Burton Craige has published an article entitled “The Road to Comparative Fault in North Carolina” in this month’s issue of The Litigator, the regular publication of the North Carolina Bar Association’s Litigation Section.
Summary: North Carolina is one of only five jurisdictions that retain the antiquated doctrine of contributory negligence. Here, as in Alabama, Maryland, Virginia and the District of Columbia, a plaintiff whose negligence makes the slightest contribution to his injury is barred from recovering any damages against the tortfeasor. The other 46 states, either by judicial decision or by statute, have adopted some form of comparative fault, allocating damages based on the degree of fault among the plaintiff and the defendants.
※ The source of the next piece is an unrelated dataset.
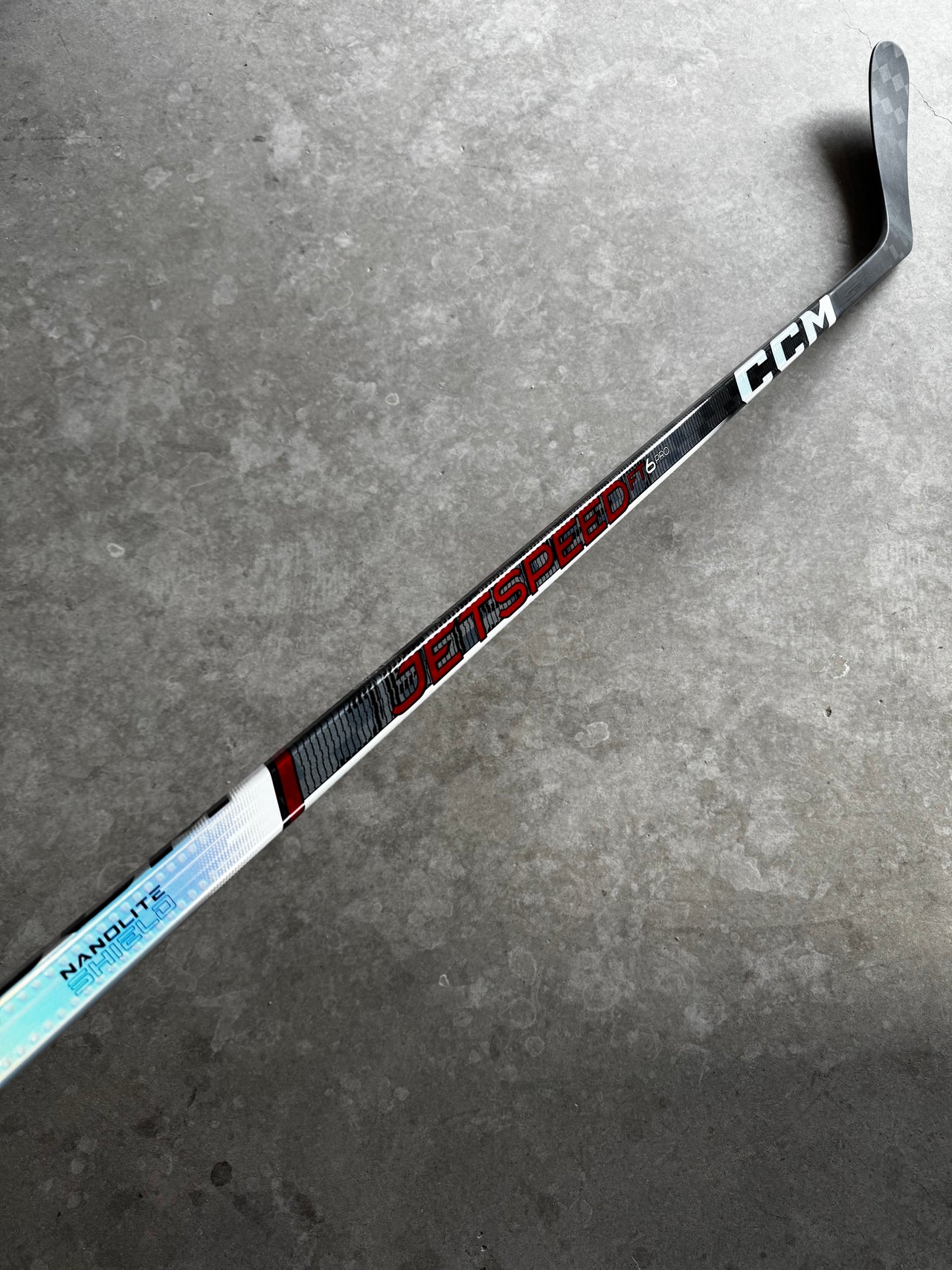 Left Hand 100 Flex P92 CCM Jetspeed FT6 Pro New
In May 2009, the North Carolina House of Representatives passed a bill that would abolish contributory negligence, adopt a system of modified comparative fault, and modify joint and several liability. Modeled on the Uniform Apportionment of Tort Responsibility Act (UATRA), the bill attracted bipartisan sponsorship and support. After the sponsors agreed to several last-minute amendments that favored defendants, the bill (HB 813) passed by a margin of 67-50, overcoming strong opposition from business and insurance interests.
In the 2010 session, the North Carolina Senate will consider HB 813. If the bill passes the Senate, it will end the long, harsh regime of contributory negligence, and bring North Carolina tort law into the modern era. This article discusses the provisions of UATRA, the amendments adopted in the House, and the principal objections to the bill.